Hace poco más de un mes estaba sentado junto a Germán Velásquez, veterano luchador por el acceso a medicamentos antes en la Organización Mundial de la Salud, ahora en el Centro Sur. El doctor Velásquez, Germán, había aceptado con entusiasmo la invitación que, de parte de la Sociedad Española de Historia de la Medicina, le había hecho llegar meses atrás para que pronunciara la conferencia magistral de nuestro decimosexto Congreso Nacional, celebrado en la Facultad de Medicina de la Universidad Complutense.

El evento fue, para mí, una fiesta. Desde hace años admiro la labor de este comprometido colombiano y la doy a conocer, curso tras curso, a mis alumnos, abriéndoles los ojos hacia los aspectos menos gloriosos de la arrogante medicina del siglo veintiuno. Un motivo suplementario, que no secundario, de alegría, fue la abrumadora presencia de estudiantes en la conferencia. Pero, además, en el curso de la exposición de Germán surgió algo que, tanto para ellos como para mí, representaba una novedad y tal vez anunciaba un punto de inflexión.
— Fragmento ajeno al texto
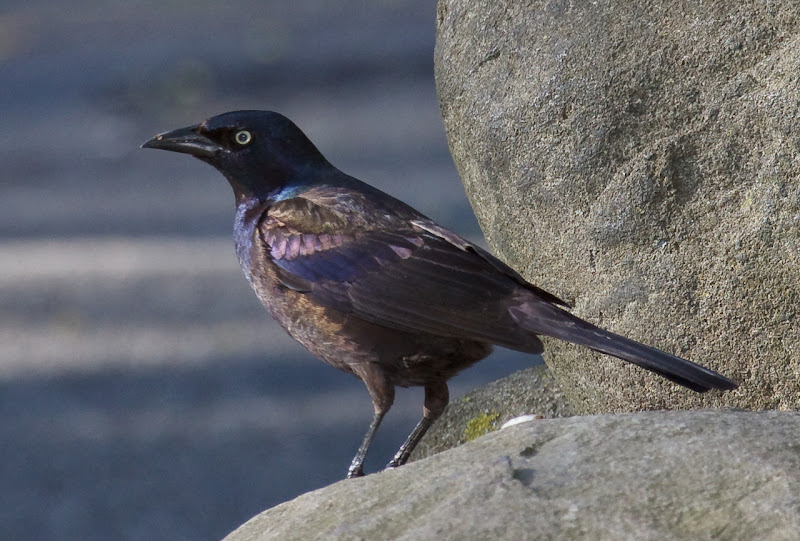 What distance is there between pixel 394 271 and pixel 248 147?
748mm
Lo que había movilizado a los estudiantes -y, ¿por qué no confesarlo? A mí mismo- había sido lo que tal vez podríamos llamar el sentido de la justicia. El marco del problema era, para nosotros -y para Germán y quienes son como él, desde luego- la desigualdad en el acceso a los medicamentos. Nosotros los tenemos; ellos no los tienen. Pero de pronto Germán anunció algo que sólo superficialmente estaba presente en nuestro horizonte: "ahora el tema del acceso a los medicamentos va a ser también un problema para los países desarrollados, lo cual puede ayudar a la lucha que estamos llevando en nombre de los países más pobres". Supongo que todos pensamos en el cáncer, en esos tratamientos carísimos de los que más o menos todos hemos oído hablar, que supuestamente prolongan la vida -¿tres, seis meses?- o al menos mejoran su calidad, a los que, sobre todo si no somos nosotros las víctimas de la enfermedad, consideramos que se puede renunciar porque la relación coste/beneficio no justifica una apuesta decidida por ellos. Pero he aquí que se hace pública la noticia de que existe un fármaco que cura la hepatitis C, es decir, que cambia la muerte por la restitución de la salud; y resulta que para la mayoría de nosotros -¿qué decir de ellos?- es económicamente inaccesible. Y de repente nos acordamos de Santa Bárbara travestida en licencia obligatoria (la principal respuesta de los países pobres a las limitaciones que imponen los acuerdos sobre patentes farmacéuticas).